The recipe was so simple. It did not go as planned. I ran out of all-purpose flour so I was forced to use self-rising (even though I'd already added the yeast and salt). It wasn't becoming less sticky, so I kept adding flour after the four cups stated on the recipe.
Do I remove it from the stove? Do I leave it on? Do I just go for it and see what happens? Do I stir with a spoon or a whisk? WHY IS THIS NOT WORKING?!?!?!
Life gets this way. "I'm doing it right. I'm following the directions!" But why isn't it working how it's supposed to? If I give more, then I get more. If I love harder, then I'll be loved more. If this, then that. Round and round I go, not understanding why it isn't adding up how I thought.

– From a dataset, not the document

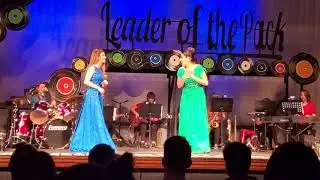 Aeryn Rekward as Darlene love: Leader Of The Pack, River Deep Mountain High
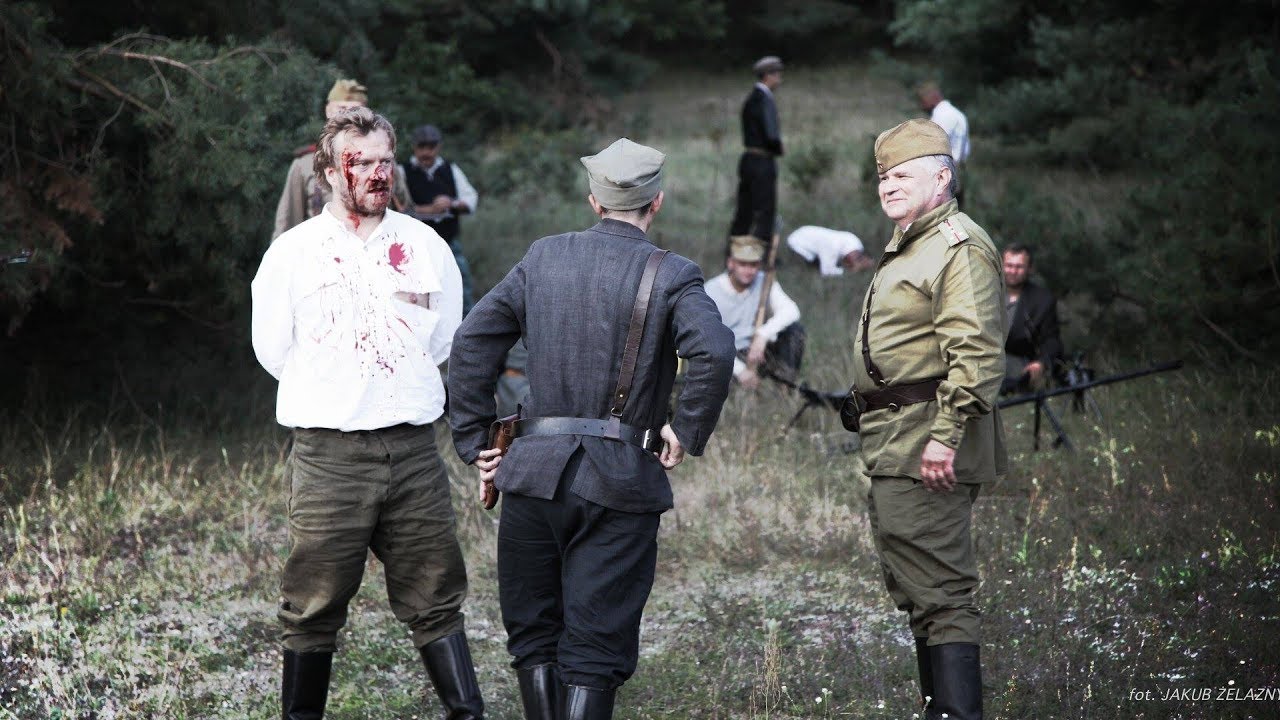 Bitwa pod Rząbcem - historia prawdziwa CAŁY FILM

I keep adding. And doing. And kneading. Then there is that calm, still voice:
"He says, 'Be still, and know that I am God;
I will be exalted among the nations,
I will be exalted in the earth.'" Psalm 46:10
Did that say "be still?" Seriously? But if I stop moving then nothing will get done! *deep sigh* I force myself to obey. I stop kneading the dough and simply allow it to rise. When I put it in the oven it smells so good! When I take it out, it tastes delicious. Simple and delicious.
I put my worries to the side. I stop being busy and take time to pray. It feels so good. I sit with my Lord. Simple and wonderful.
Lessons in bread baking. Who knew?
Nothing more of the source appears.